───── Dataset

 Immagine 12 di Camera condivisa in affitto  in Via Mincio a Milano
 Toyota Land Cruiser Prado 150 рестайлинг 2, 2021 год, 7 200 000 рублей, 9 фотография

──────────
───── Dataset

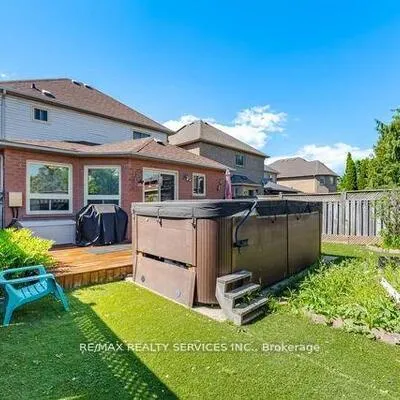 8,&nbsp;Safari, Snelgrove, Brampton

──────────

Task description ->
Among the records above, extract exactly the lines from the line with "Immagine 12 di" to the line with "Toyota Land Cruiser", both lines included, and leave out the rest.

Task response ->
 Immagine 12 di Camera condivisa in affitto  in Via Mincio a Milano
 Toyota Land Cruiser Prado 150 рестайлинг 2, 2021 год, 7 200 000 рублей, 9 фотография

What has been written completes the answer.